After winning a Grammy he was also commissioned by Hollywood's famed Brown Derby restaurant to paint portraits of up to 200 top recording artists to be displayed in the restaurant's Hall of Fame Record Room. His Oscar paintings were displayed in the restaurant's "Academy Room," created for showing Volpe's art. On other occasions, he was asked to paint the team members of the Los Angeles Dodgers baseball team, and various other sports teams had likewise commissioned his art. Along with stars and sports figures, he painted portraits of leading political figures, including John F. Kennedy, Winston Churchill, Dwight D. Eisenhower and Ronald Reagan. He traveled to Israel to paint its first Prime Minister, David Ben Gurion.

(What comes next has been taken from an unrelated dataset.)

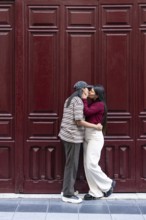 A loving latin lesbian couple shares a tender moment before a rich red wooden door. They embrace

Volpe wrote and illustrated a regular newspaper column in the Los Angeles Herald Examiner, with articles covering various travel topics about California. He also traveled across the country during tours where he appeared on television, gave radio interviews, and spoke to audiences at various events. In 1973 he returned to teaching art at Pepperdine University in Malibu, California.

==Personal life==
He spent his career living in Southern California, where he would marry and raise his three children. He and his wife spent much of their vacation time traveling throughout Mexico in their motor home, which inspired him to paint hundreds of scenics and portraits of Mexicans. He died in Oceanside, California, following a stroke, on February 11, 1992. He was 80.